So, how do you do this? I’ve broken it down into 5 steps.

 

 

1. Speak the same language.

 

The first step to establishing sales and marketing alignment is to define the buyer funnel. Working with key marketing and sales stakeholders, make sure to clearly outline each team’s role in the funnel. In this example funnel, the first two stages are marketing’s responsibility. The third and fourth stages are split between sales and marketing. The fifth and sixth stages are entirely sales’s responsibility.

Only 25% of leads are legitimate and should advance to sales.

Setting up a funnel helps sales and marketing teams identify when to pass leads over to sales. SMarketing provides marketing with the opportunity to assess leads and provides insight into what happens to them after they pass them to sales so they can see what it is happening and adjust their efforts accordingly.

It’s hard to believe given the immense benefit of doing so, but 68% of B2B organizations haven’t identified what their funnel looks like.

You can’t be on the same team if you don’t know how you can move the needle. Step one needs to be setting up a funnel and making sure everyone within the organization is on the same page in order to have any kind of collaboration. Otherwise, you are setting your organization up for failure.

 

 

2. Implement a service level agreement.

 

A Sales-Marketing SLA defines what each team commits to accomplishing in order to support the other in reaching the shared revenue goal(s). Marketing commits to delivering a certain quantity and quality of leads to help their sales team hit their quota.

And sales commits to follow up on those leads in a timely manner and make a specific number of contact attempts before abandoning the lead. There are a number of key metrics that can be tracked, and an SLA crystallizes the alignment around the goals. Once there is an agreement, both teams can work with passion and purpose to meet and surpass well defined goals.

SLAs pave the way for more pre-call information and therefore sales reps are more likely to research and get to know their lead before reaching out to them.

 

 

3. Set up closed-loop reporting.

 

The next step is to set up closed-loop reporting. This ensures that there is proper feedback between sales and marketing.

Benefits for Marketing

  • Get up-to-date contact info and status updates
  • Learn which marketing programs are working and which aren’t
  • Increase Marketing ROI

Benefits for Sales

  • De-duplicate leads
  • Help prioritize leads
  • Help make warmer calls
  • Increase close rate and Sales ROI

Each of these benefits are real and can be measured. Closed-loop reporting allows you to:

  • Analyze which marketing sources are producing the most customers
  • Use conversion assists to help you understand how each individual piece of content you create contributes to closing customers
  • Provide a timeline of all of the interactions a contact took prior to becoming an MQL or a customer
  • Pass information to sales that can help aid them in connecting and engaging with contacts within the first 24 hours and send automatic updates to your sales team when their leads revisit the website or take other key actions, to make sure to follow up at the best time.

 

 

4. Rely on data.

 

The previous three steps have all had a common theme: the focus on data. The key for SMarketing to work is to rely on that data. Aristotle said that the law is reason free from passion. We would restate it to say that SMarketing is data free from emotion.
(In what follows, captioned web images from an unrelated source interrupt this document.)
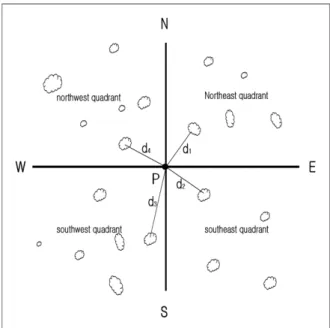 Fig. 3. The diagram of point-quarter sampling method.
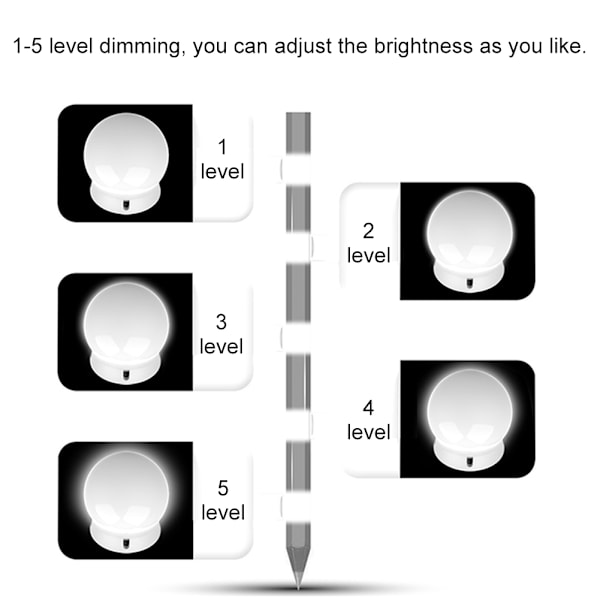 20 st LED-spegellampor sminkset för sminkbord USB-dimning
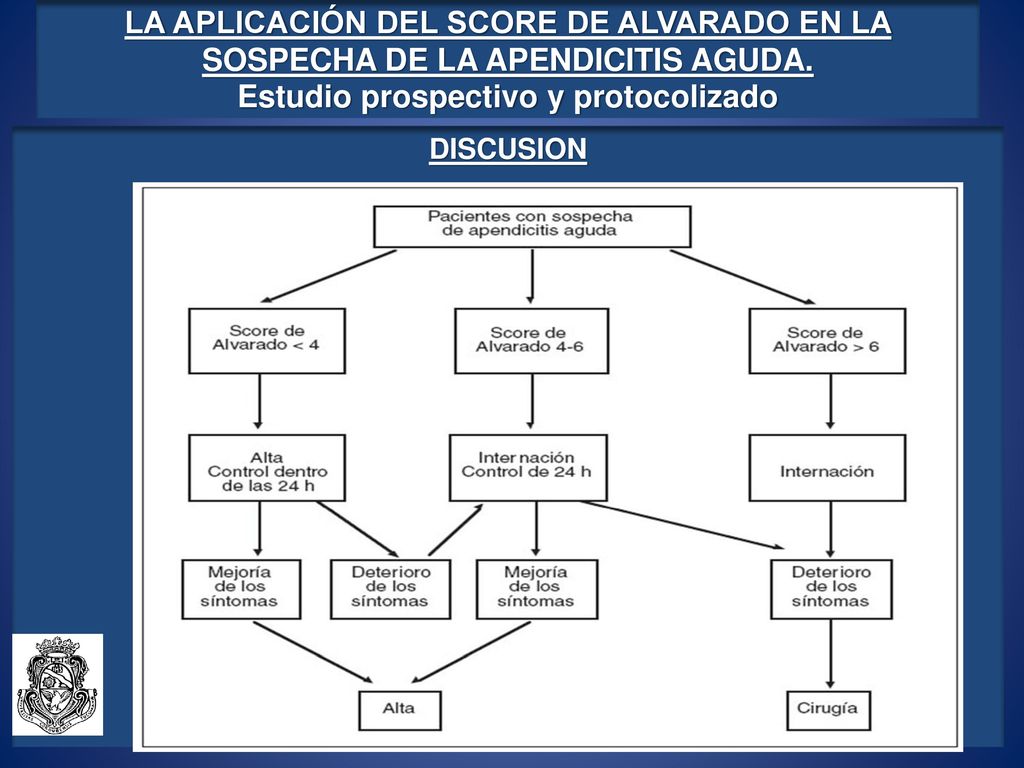 LA APLICACIÓN DEL SCORE DE ALVARADO EN LA SOSPECHA DE LA APENDICITIS AGUDA. Estudio prospectivo y protocolizado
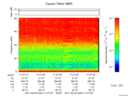T2017034_17_75KHZ_WBB thumbnail Spectrogram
Dashboards are an important part of capturing and reporting data. In addition, it’s really helpful to do a monthly SMarketing report. This can be an official document, a powerpoint deck that is sent over email, or it can take the form of a monthly in person meeting – where marketing and sales both report on their past month’s performance.

Here at Trending Up, we do this on a weekly basis, with a deeper dive monthly and quarterly to view longer-term data. The SMarketing report should dig into all the important metrics like your SLA as well as your other funnel metrics. You should evaluate and share why both marketing and sales did or did not hit targets.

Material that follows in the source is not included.